Friday 7 January 2011

Haiti Earthquake Anniversary: Little Progress, Broken Promises

NEW YORK -- It's been almost a year since a catastrophic earthquake killed more than 230,000 people and left more than a million homeless in Haiti. But from the slums of Port-au-Prince to the rural Central Plateau, this impoverished country continues to suffer -- buffeted by Hurricane Tomas in November, a cholera epidemic that left over 3,600 dead and the violent chaos of political stalemate.

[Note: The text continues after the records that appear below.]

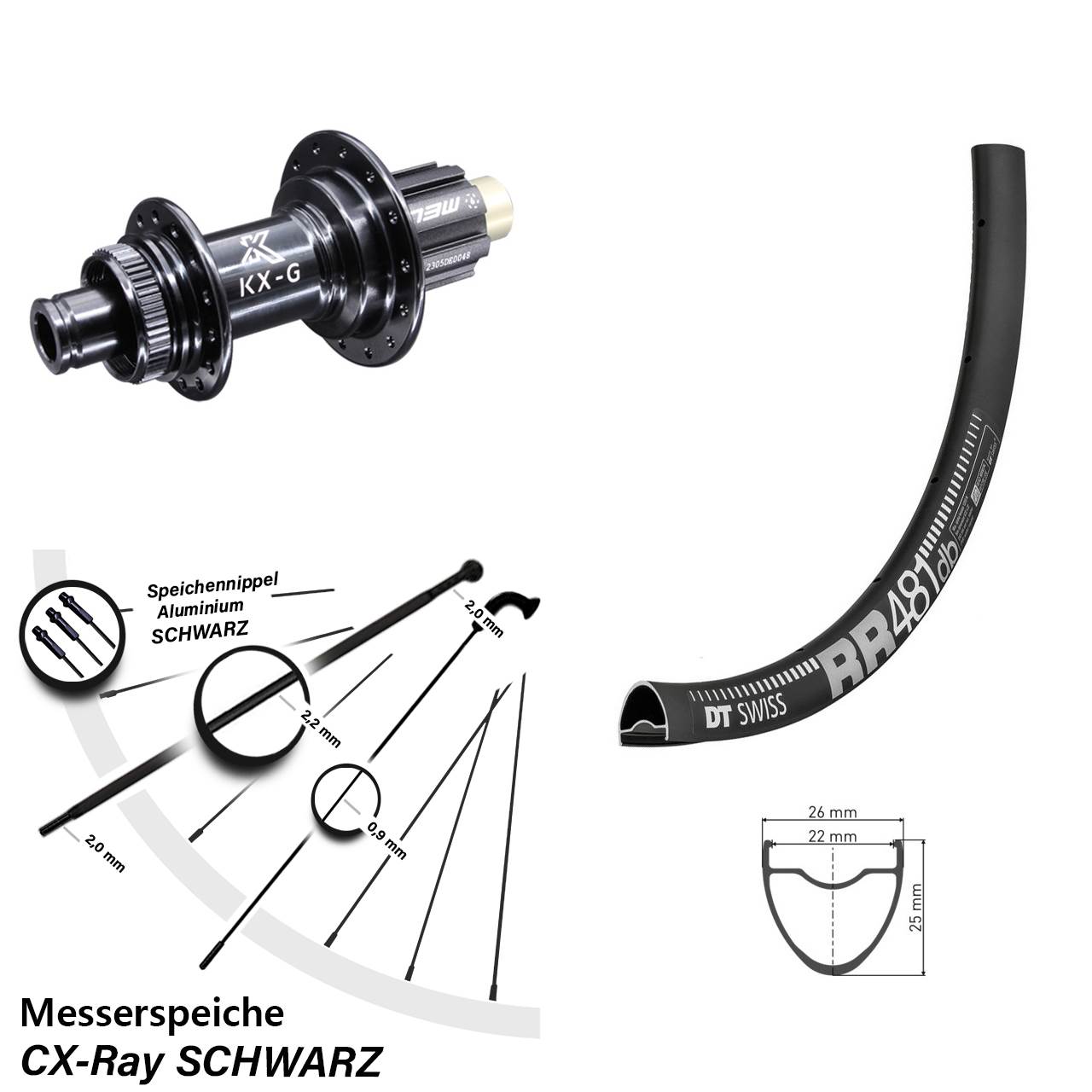 28 Zoll DT Swiss RR 481 KX-G Steckachse Disc Laufrad 12x142 Campagnolo N3W CX-Ray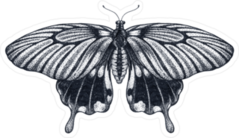 Beautiful Butterfly Tattoo Sticker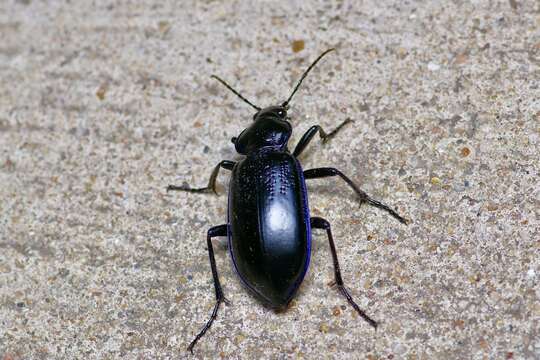 Слика од Calosoma (Callitropa) macrum Le Conte 1853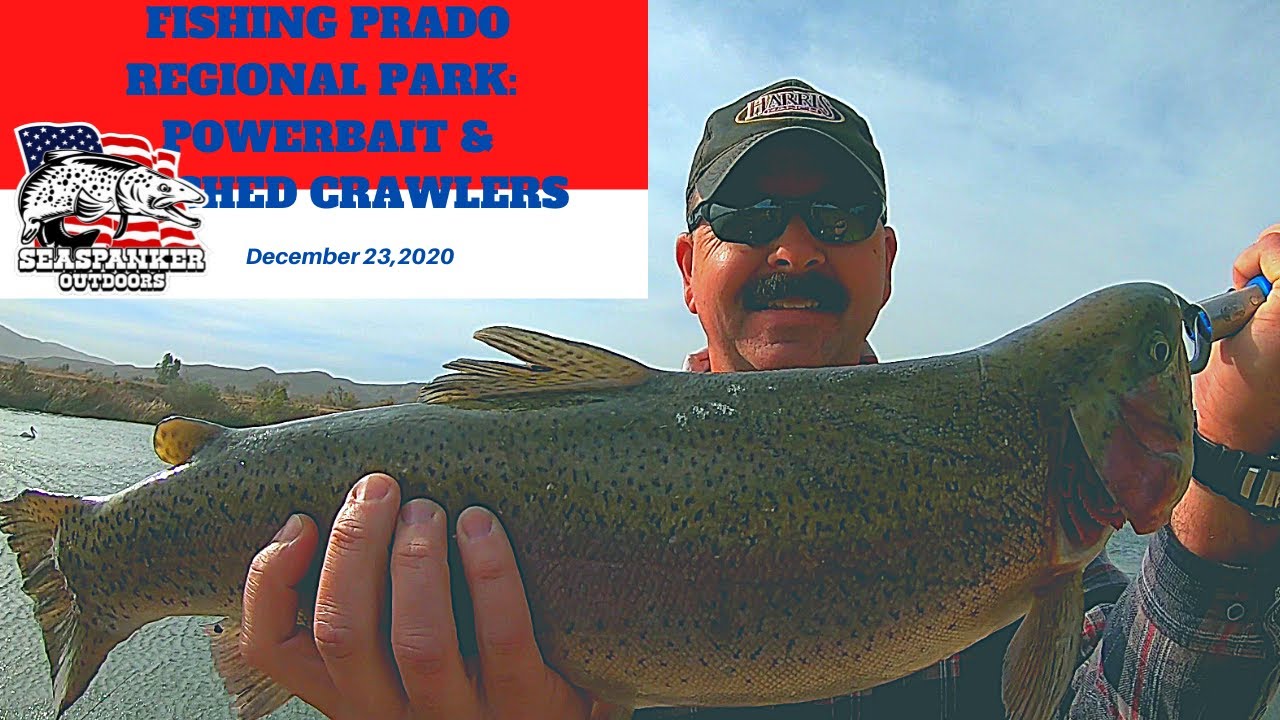 Fishing Prado Regional Park: PowerBait and Pinched Crawlers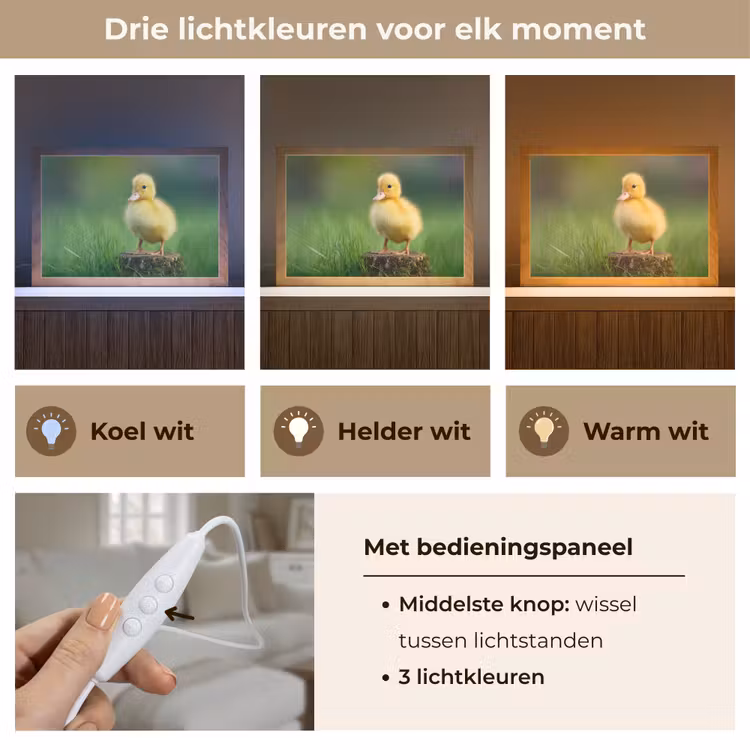 Tafellamp - Kuiken - Eend - Geel - Gras — 6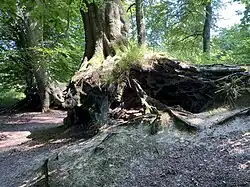 Imposantes freiliegendes Buchenwurzelwerk
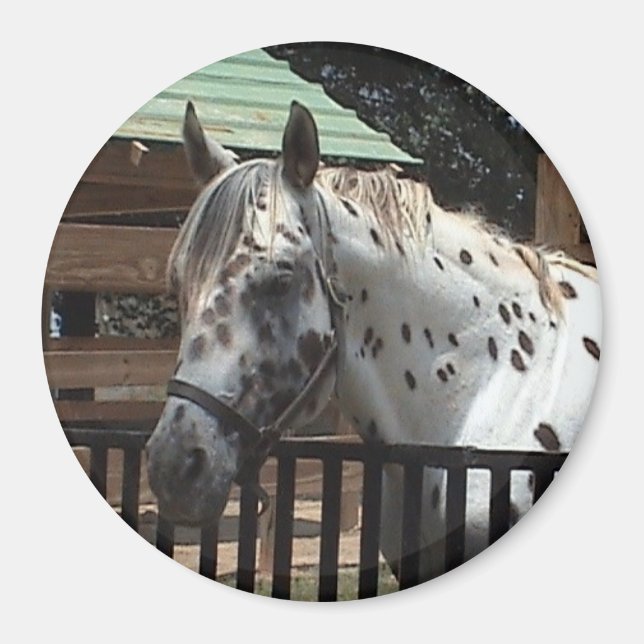 Appaloosa Magnet (Front)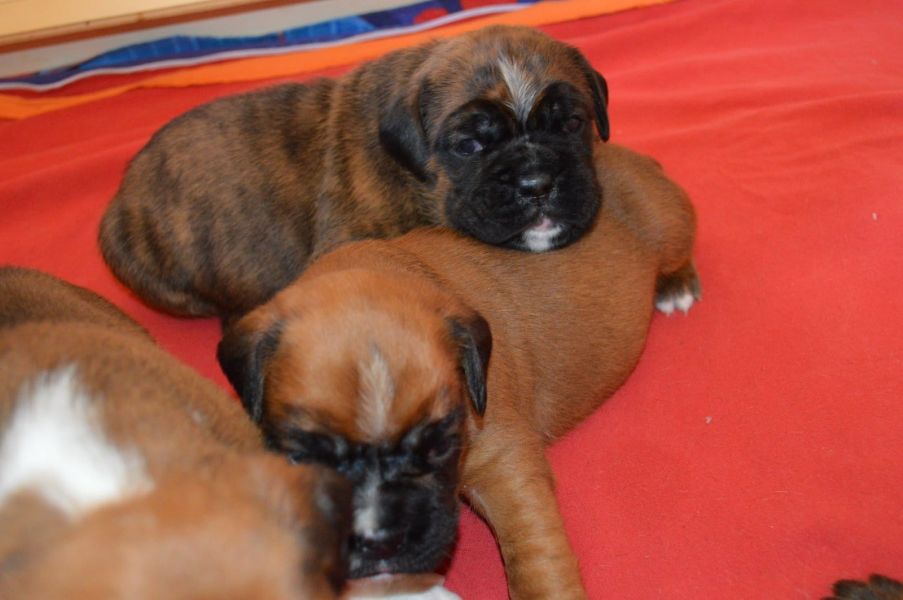 Molto bella e sani  cuccioli di Boxer per adozione maschi e femmine disponibili (gratis)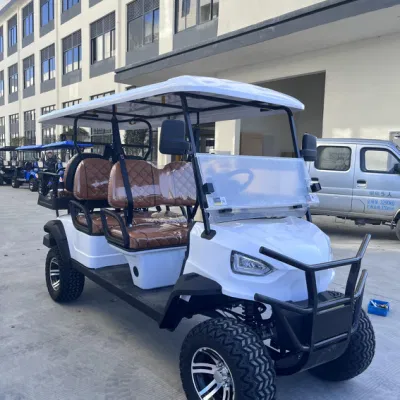 Nuevo diseño Tourist 6 Passenger Utility Carts White Hunting Gas Carrito de Golf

Though countries around the world promised billions of dollars in aid and nonprofit organizations raised hundreds of millions in the weeks after the disaster, many have not delivered on their promises and crucial funds have been misspent. In the last year, Americans gave more than $1.4 billion to relief aid to the country, but only 38 percent of that has been spent to provide recovery and rebuilding aid, according to a Chronicle of Philanthropy survey of 60 major relief organizations. (By comparison, after Hurricane Katrina, a domestic disaster, charities spent about 80 percent of the money they had raised.) The Huffington Post contacted each of the organizations to find out how they have spent the money raised for Haiti relief; a complete list is forthcoming.

This week, a leading international charity slammed the relief effort as a "quagmire", sharply criticizing the recovery commission chaired by former U.S. President Bill Clinton, saying that the much-praised panel "failed to live up to its mandate." And some problems have worsened -- rape is prevalent in Haiti's tent camps that were set up all over the country in the wake of the earthquake, according to a report by Amnesty International, which interviewed more than 50 victims of sexual violence.

Soon after the earthquake, leaders from around the world gathered in New York for a donors conference in March, pledging almost $6 billion in aid for 2010-'11. "Today, the international community has come together, dramatically, in solidarity with Haiti and its people," United Nations Secretary-General Ban Ki-moon said in his closing remarks at the conference. "Today, we have mobilized to give Haiti and its people what they need most: hope for a new future. We have made a good start, we need now to deliver."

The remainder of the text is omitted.